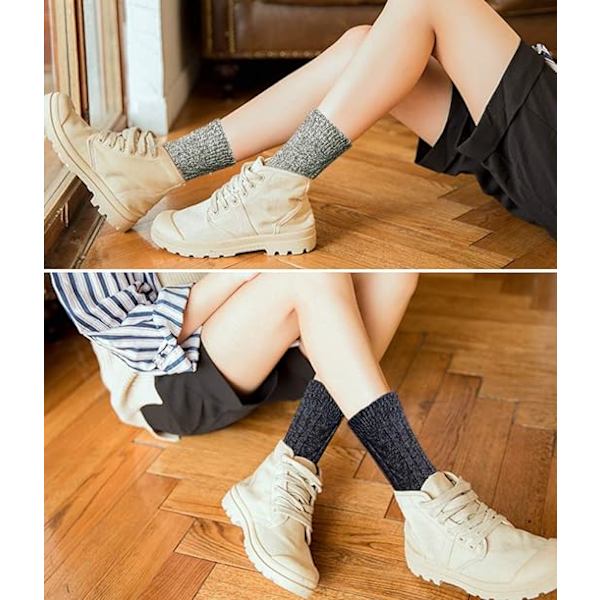 5 Par Damsockor Ull Termisk Varma Stickade Damsockor för Vinter
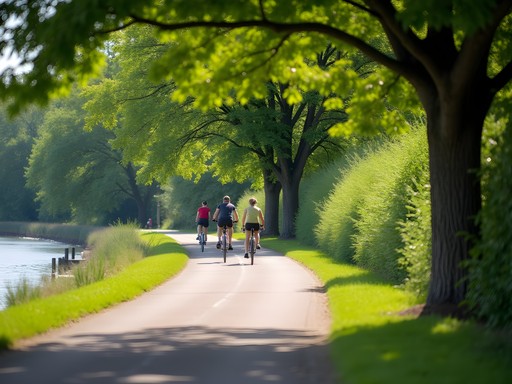 Couple cycling on Big Sioux River Recreation Trail in summer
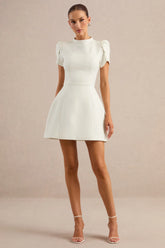 Carabella | White High-Neck Short-Sleeve Mini Dress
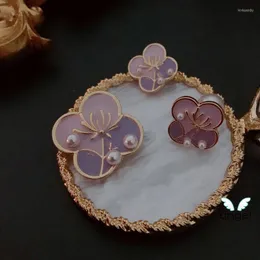 Broschen 2022 Broche Emaille Pin L Schmuck Schnee Lotus Temperament Brosche Nadel und elegante französische Perlenklee, die alte Wege wiederherstellen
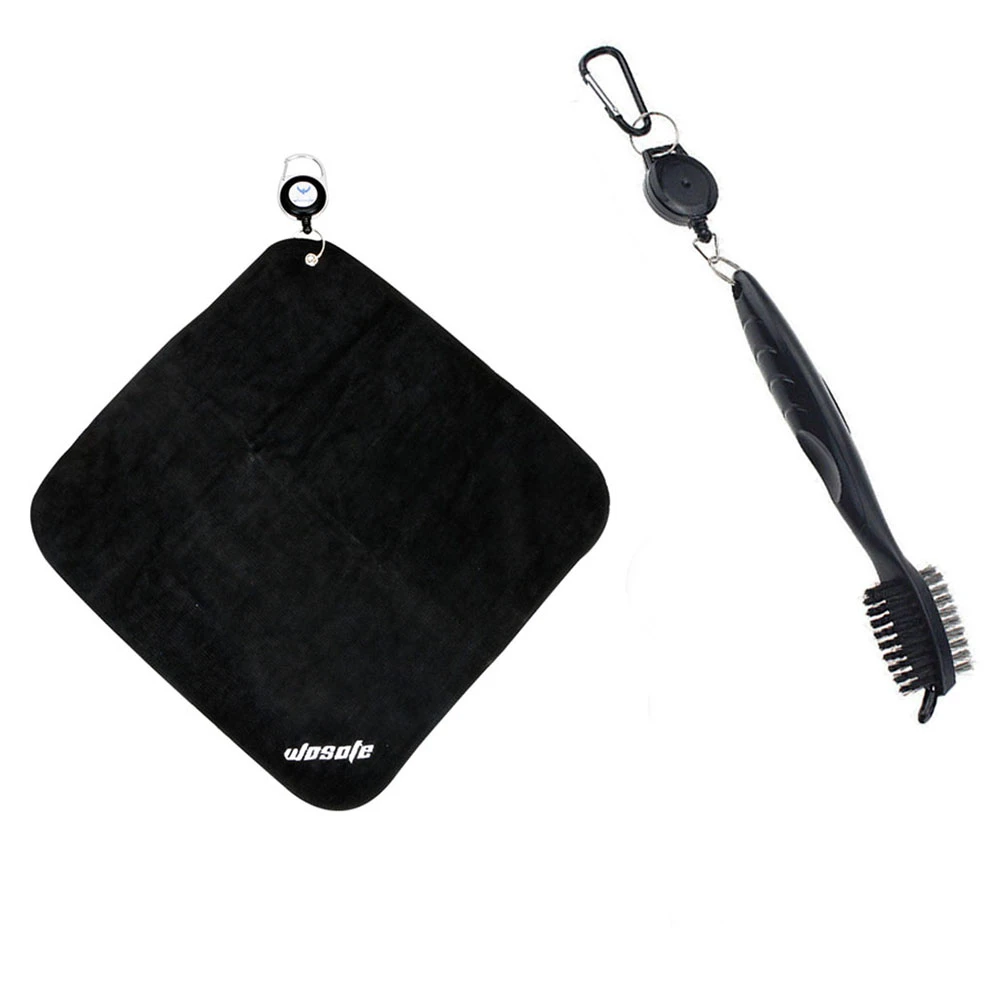 Golf Towel Brush tool Kit with Club Groove Cleaner, Retractable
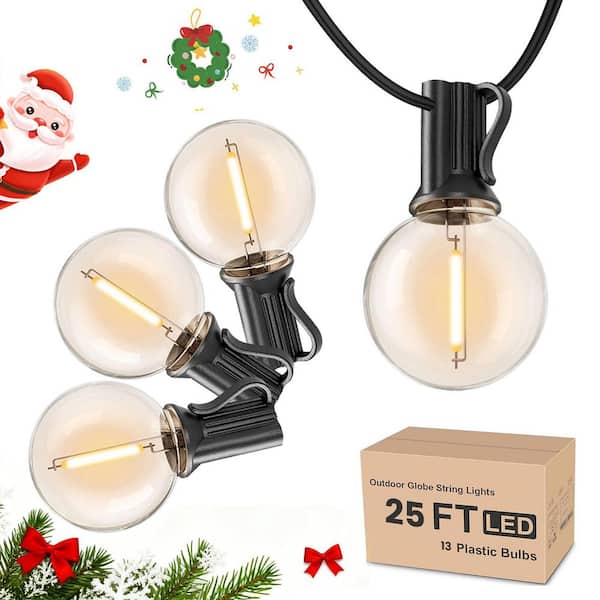 G40 13-Light 25 ft. Indoor/Outdoor Plug-In LED Globe String-Light Shatterproof Waterproof for Porch Bistro Backyard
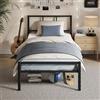 VASAGLE Struttura Letto Singolo 90 x 190 cm, Testiera, Telaio Letto in Metallo, Regge Fino a 250 kg, Facile da Montare, per Camera da Letto, Nero Inchiostro RMB291B101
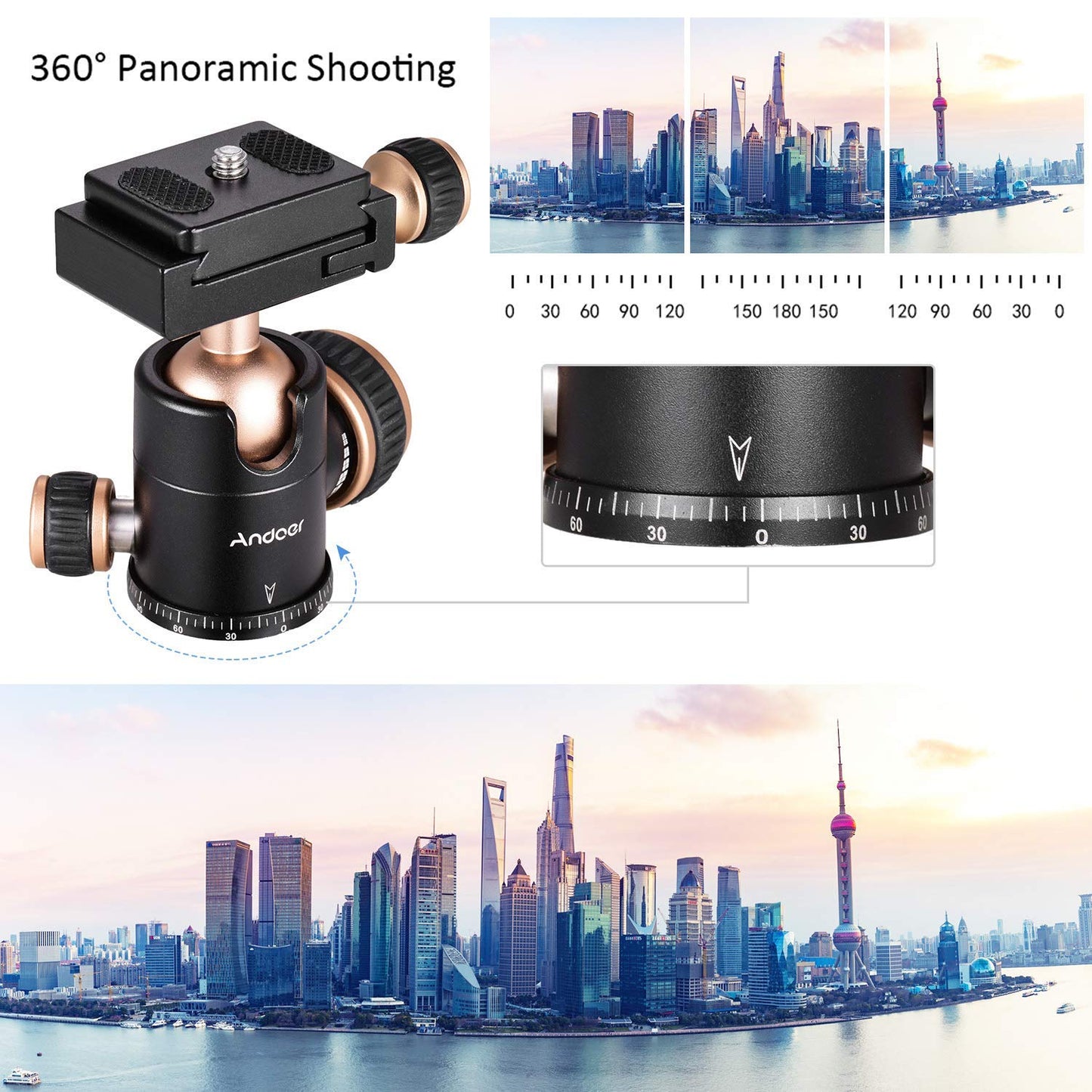 Andoer Tripod Ball Head 360 Degrees Free Rotation Panoramic Ballhead with Quick Release 1/4" Screw and 3/8" Screw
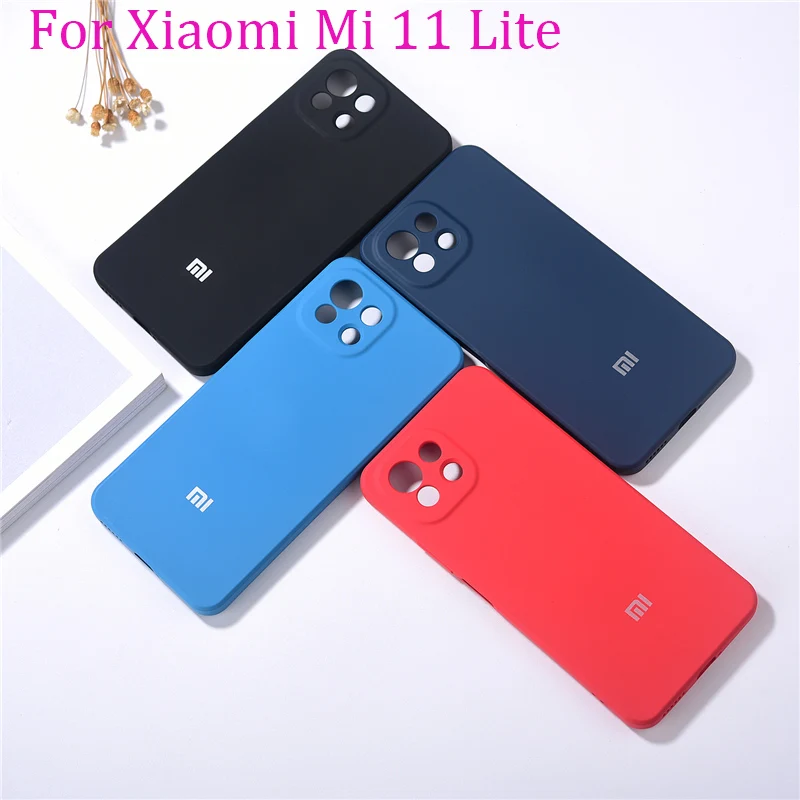 Оригинальный чехол для Mi 11 Lite Xiaomi шелковистый мягкий на ощупь жидкий силиконовый
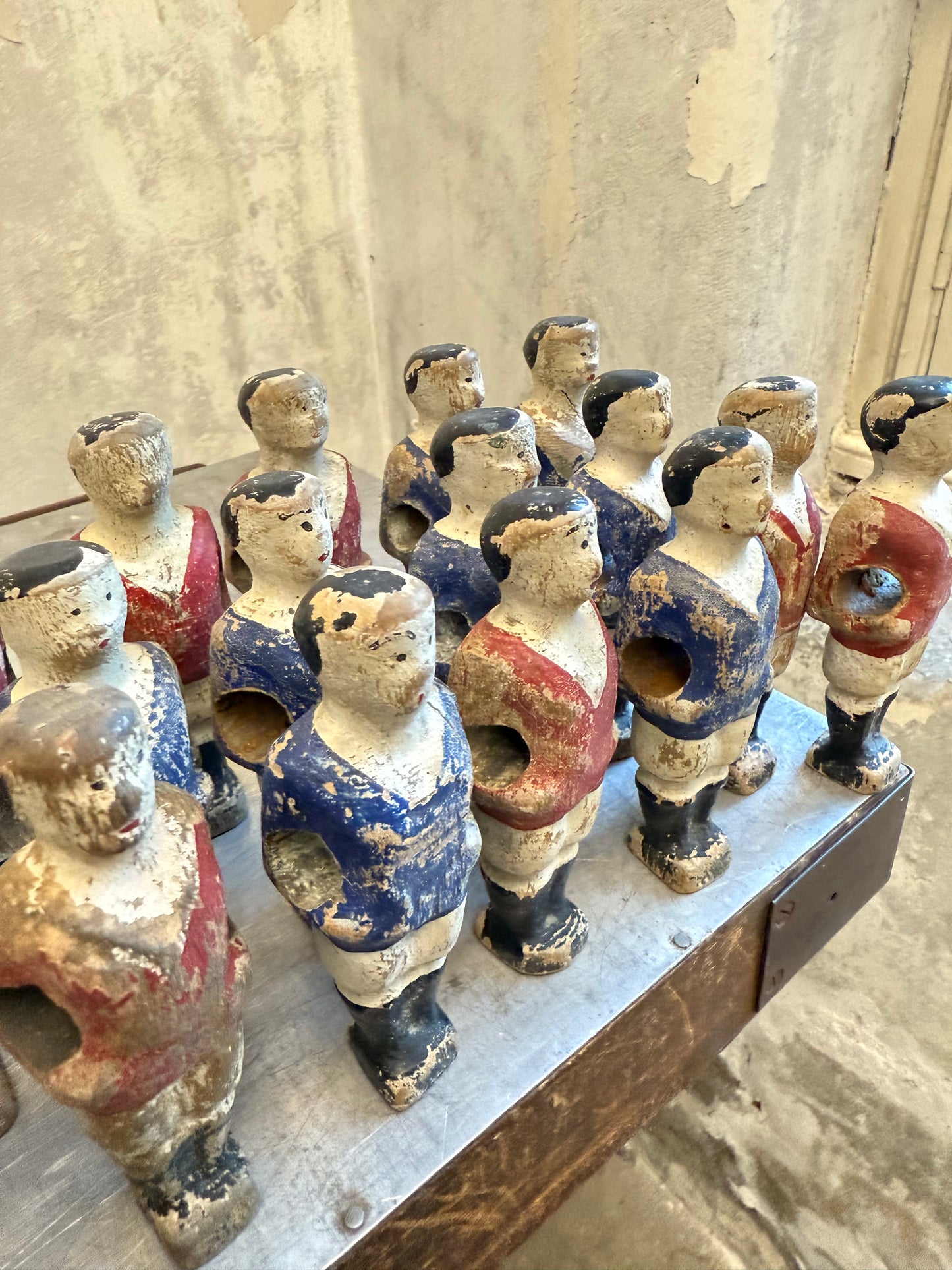 Rare 1930's French Wooden Table Football Players in Original Paint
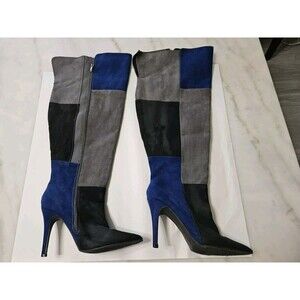 Ashley Stewart Black Blue Gray Suede Like Zipper Boots 11 Wide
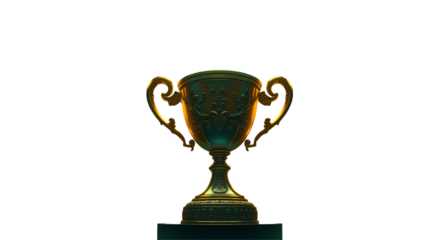 Photo of Gold trophy isolated on transparent background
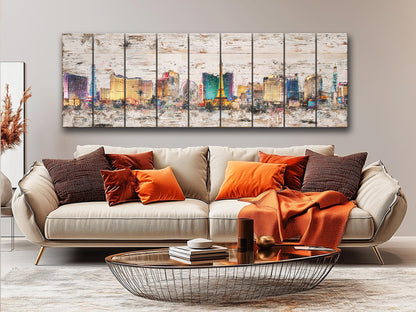 Rustic Las Vegas Painting – Panoramic Wood Wall Art with Neon Lights Print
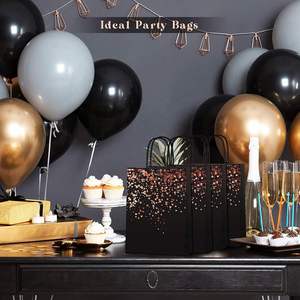 Wholesale Custom Size Party Favor Shopping Gift Kraft <b>Paper</b> Bags Black Hot Stamping Printing Birthday Gift <b>Paper</b> Bag - Product Image 2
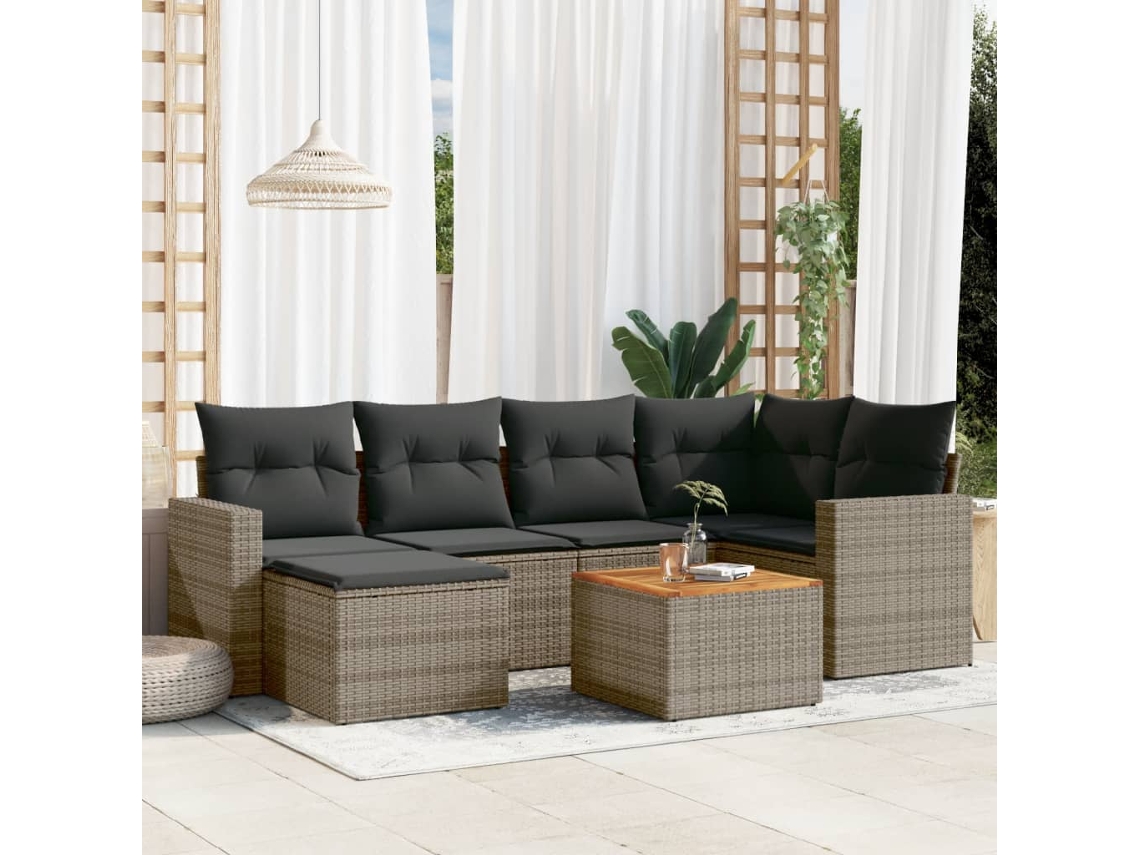 Vidaxl 7 Pcs Conjunto Sofás P/ Jardim C/ Almofadões Vime Pe Cinzento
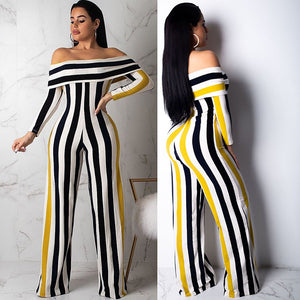 2019 Latest Design Casual Fashion Wide Leg Pants Striped Print Off Shoulder Sexy Women Jumpsuits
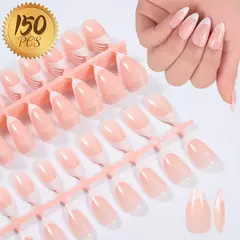 150 pçs pré-feito unhas falsas francesas scarless caixão amêndoa unhas falsa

• • • •

Task description: What the answer must hold: all the data above, given again exactly, without pictures.

Output for this exercise:
 5 Par Damsockor Ull Termisk Varma Stickade Damsockor för Vinter
 Couple cycling on Big Sioux River Recreation Trail in summer
 Carabella | White High-Neck Short-Sleeve Mini Dress
 Broschen 2022 Broche Emaille Pin L Schmuck Schnee Lotus Temperament Brosche Nadel und elegante französische Perlenklee, die alte Wege wiederherstellen
 Golf Towel Brush tool Kit with Club Groove Cleaner, Retractable
 G40 13-Light 25 ft. Indoor/Outdoor Plug-In LED Globe String-Light Shatterproof Waterproof for Porch Bistro Backyard
 VASAGLE Struttura Letto Singolo 90 x 190 cm, Testiera, Telaio Letto in Metallo, Regge Fino a 250 kg, Facile da Montare, per Camera da Letto, Nero Inchiostro RMB291B101
 Andoer Tripod Ball Head 360 Degrees Free Rotation Panoramic Ballhead with Quick Release 1/4" Screw and 3/8" Screw
 Оригинальный чехол для Mi 11 Lite Xiaomi шелковистый мягкий на ощупь жидкий силиконовый
 Rare 1930's French Wooden Table Football Players in Original Paint
 Ashley Stewart Black Blue Gray Suede Like Zipper Boots 11 Wide
 Photo of Gold trophy isolated on transparent background
 Rustic Las Vegas Painting – Panoramic Wood Wall Art with Neon Lights Print
 Wholesale Custom Size Party Favor Shopping Gift Kraft <b>Paper</b> Bags Black Hot Stamping Printing Birthday Gift <b>Paper</b> Bag - Product Image 2
 Vidaxl 7 Pcs Conjunto Sofás P/ Jardim C/ Almofadões Vime Pe Cinzento
 2019 Latest Design Casual Fashion Wide Leg Pants Striped Print Off Shoulder Sexy Women Jumpsuits
 150 pçs pré-feito unhas falsas francesas scarless caixão amêndoa unhas falsa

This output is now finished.